By definition, one-time pad key must be truly random, not derived by function. So if you have 1MB of truly random data, you do not need KDF function to derive key. And if yo do nout have 1MB of truly random data, yout encryption function is not one-time pad.
I don't know if there's a checklist per se, but below are a couple of elements I can think of. Before that, I'll just reiterate (like state elsewhere) that a KDF doesn't produce a one-time pad. I suppose the goal is to achieve something akin to a stream cipher. Anyway, KDFs... A starting point is what are the assumptions on the initial key material?
Uniform random bit string of sufficient length? Then your KDF will probably need to be a secure variable output length pseudo random function. HKDF-Expand can (in theory) generate up to 8160 bytes.
Non-uniform but high (min) entropy ? For a good starting, point, thorough discussion and formalization on KDF security is presented in HKDF paper. In short, a KDF is seen as an algorithm taking some initial keying material, some salt; and outputs a key of some length based on some (non necessarily secret) label. For security, it is demanded that the output key looks random even if an attacker is allowed to see output of the KDF over an arbitrary label. In the previous, the same initial keying material and salt are used, but the attacker can't obviously ask the output on the legit label.

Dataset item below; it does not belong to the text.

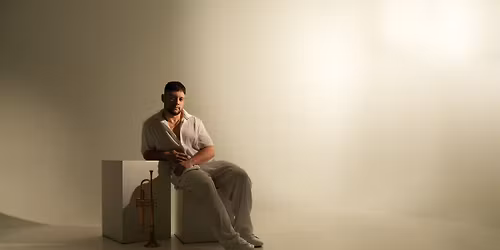 Ascenseur pour l'\u00e9chafaud par R\u00e9mi Cormier | FIJM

Low entropy data like a password? Then a good starting point is looking into the state-of-the art in password based KDFs and all the pitfalls to pay attention too.
Designing such things is hard, analyzing them (based on reasonable assumptions) isn't easier. So an additional element for this "checklist" would be, understanding the security guarantees of existing schemes and the requirements of the context where they will be used. From there, we can decide on the best choice for each use case.